To that extent, in this paper, we posit the provision of network-wide CSA (and namely its comprehension level) via graph-based analytics. Figure 1 illustrates three major steps to achieve this quest. First, in (A) we rely on various monitoring and reconnaissance tools (e.g., Nmap [21]) to gather timely information on a computer network and devices (i.e., network/hosts/users/services information, IP addresses, vulnerabilities, Common Vulnerability and Exposures (CVEs), security events). Second, in (B) we make use of graph-based analytics (e.g., Neo4j Graph Data Platform [24]) to store and visualize the collected data. Third, in (C) we put forward methodical cyber security tasks involving graph-based analytics to achieve operational CSA in practice and ultimately facilitate the preparation of network defenses, planning of preventive actions, and speeding-up incident responses and network forensics.

Fig. 1.
figure 1

Provisioning network-wide CSA via graph-based analytics: (A) collect and amalgamate network-wide data using heterogeneous tools for computer network monitoring and reconnaissance, (B) leverage graph-based analytics to store, visualize, and query the data, (C) leverage this data to provision operational CSA for defensive measures, incident responses, and network forensics.

The remainder of this paper is organized as follows. Section 2 presents background information and summarizes related work. Section 3 presents a selected set of imperative cyber security tasks using graph-based analytics. Section 4 discusses the open issues and formulates the challenges for future work. Section 5 concludes the paper.

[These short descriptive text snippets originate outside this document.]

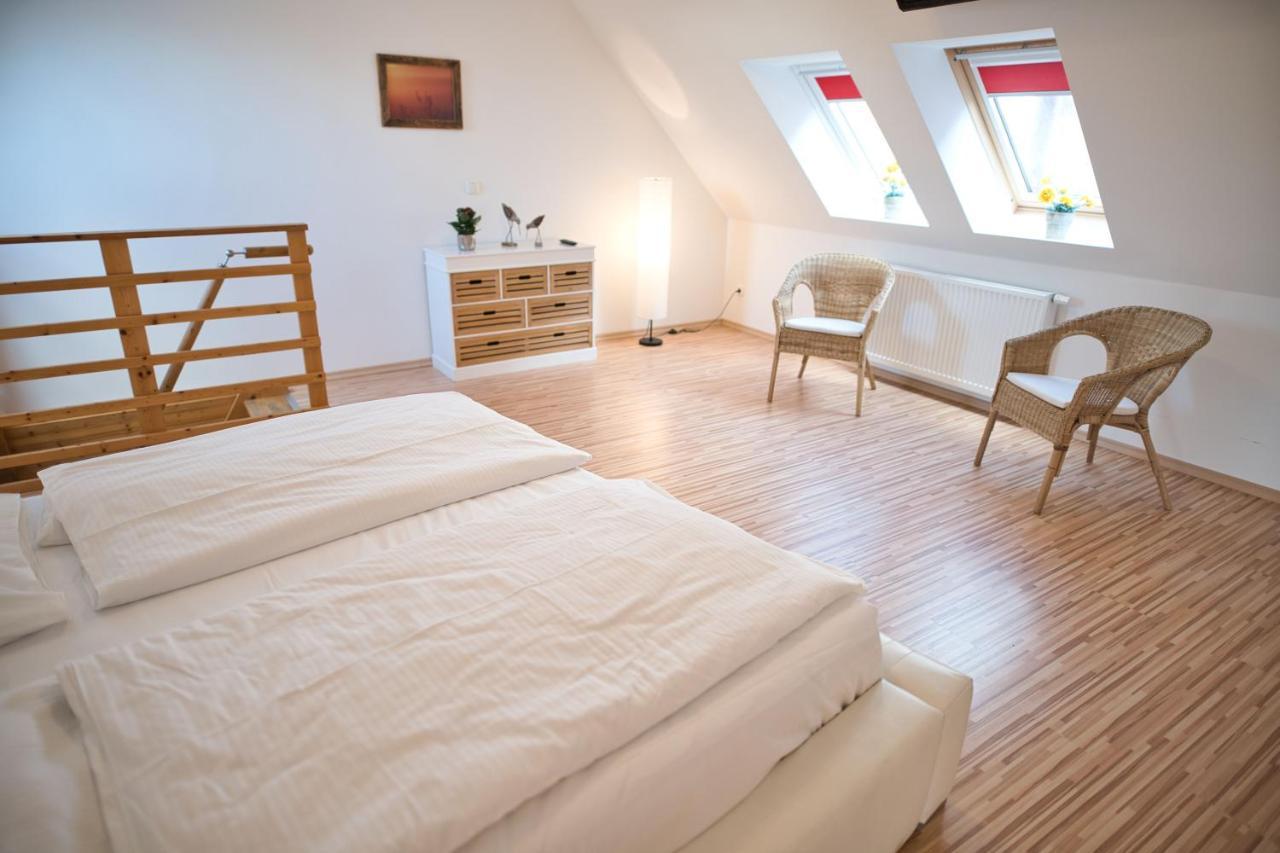 Zum Goldenen Anker Aparthotel Щралзунд Екстериор снимка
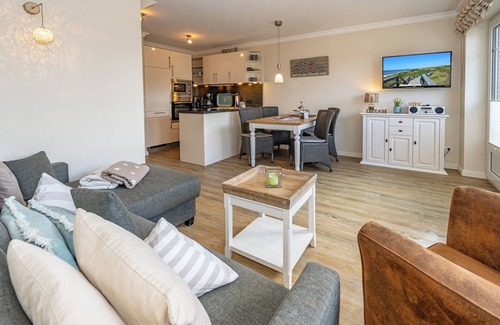 Westerland Apartment | Apartment for max. 4 persons with terrace - only 400m to the beach!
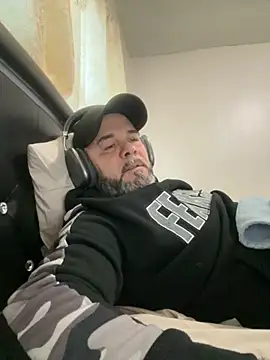 Snapshot of Cristian-Brayan chatting on 09-14-25, 11:42 Cristian-Brayan online show from 09-14-25, 11:42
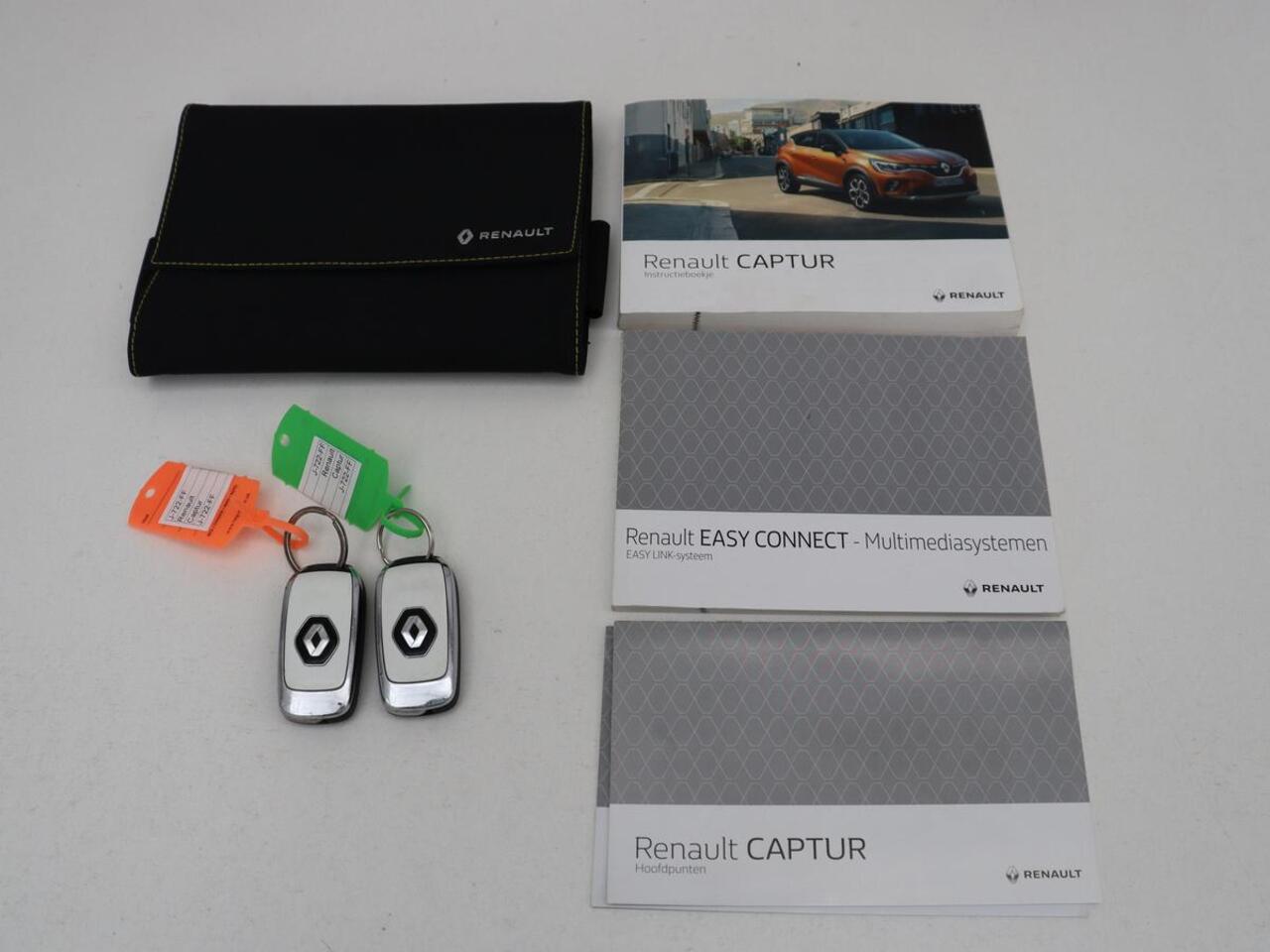 Renault CAPTUR 1.0 TCe 100 Zen | Carplay | Cruise control | Full LED | Airco | DAB | Lichtsensor | Bluetooth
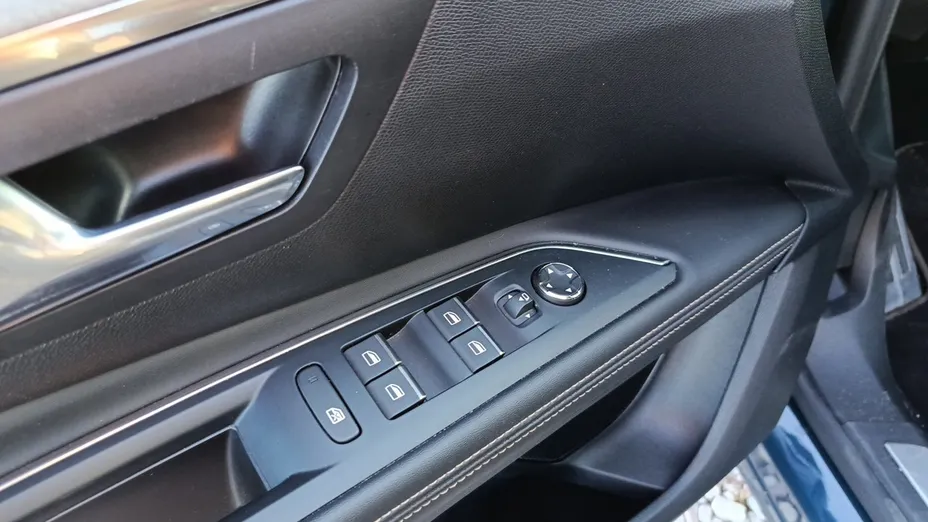 PEUGEOT 5008 5008 1.5 BlueHDi GT S&S EAT8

2 Background Information and Related Work

Whilst, graph-based analytics are very well known to the cyber security community [1], yet, very limited efforts have been put in the context of semi-static graphs, i.e., graphs where new information is sporadic or recurrent with little to no obvious pattern changes. Attack graphs are one example that has been used for decades to model cyber-attacks and calculate their impact [17, 23]). Accordingly, we primarily investigate in this work graph-based analytics for cyber security tasks in the context of semi-static graphs.

The primacy of identifying critical nodes/threats in a network necessitates the usage of advanced graph-based analytics including centrality algorithms (i.e., degree, betweenness, PageRank, and closeness). Degree centrality is used to count the edges that connect a node to others [3], while closeness centrality gauges a node’s typical separation from every other node in the network. Moreover, betweenness centrality constitutes the extent to which a node lies on the shortest paths between all pairs of nodes in a network [5]. Furthermore, the PageRank algorithm ranks nodes according to their significance and is effective in discovering critical nodes in a network [7].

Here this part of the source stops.